(Short web captions)

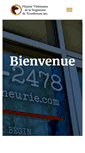 Mobile Screenshot of hvseigneurie.com
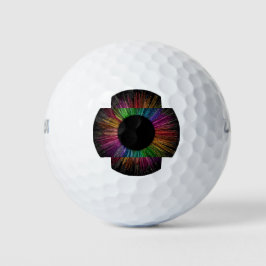 PrecisionStrike: El diseño de la pelota de golf má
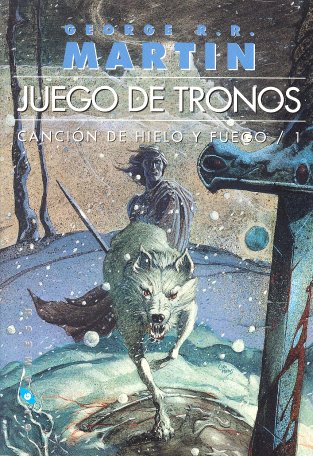 VanMaddle1's tweet image. Tal día como hoy pero de hace 20 años empecé a leer Juego de Tronos, el primer libro de Canción de Hielo y Fuego de George RR Martín.

Hacia tiempo que estaba desencantado con la fantasía y ninguna de las "nuevas promesas" me convencía.

Pero hablaban bien de este. ⬇️⬇️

• _Exercise_:
Only text belongs in the copy: repeat each line of the data exactly and leave out the pictures.

• _Result below_:
 Mobile Screenshot of hvseigneurie.com
 PrecisionStrike: El diseño de la pelota de golf má
 VanMaddle1's tweet image. Tal día como hoy pero de hace 20 años empecé a leer Juego de Tronos, el primer libro de Canción de Hielo y Fuego de George RR Martín.

Hacia tiempo que estaba desencantado con la fantasía y ninguna de las "nuevas promesas" me convencía.

Pero hablaban bien de este. ⬇️⬇️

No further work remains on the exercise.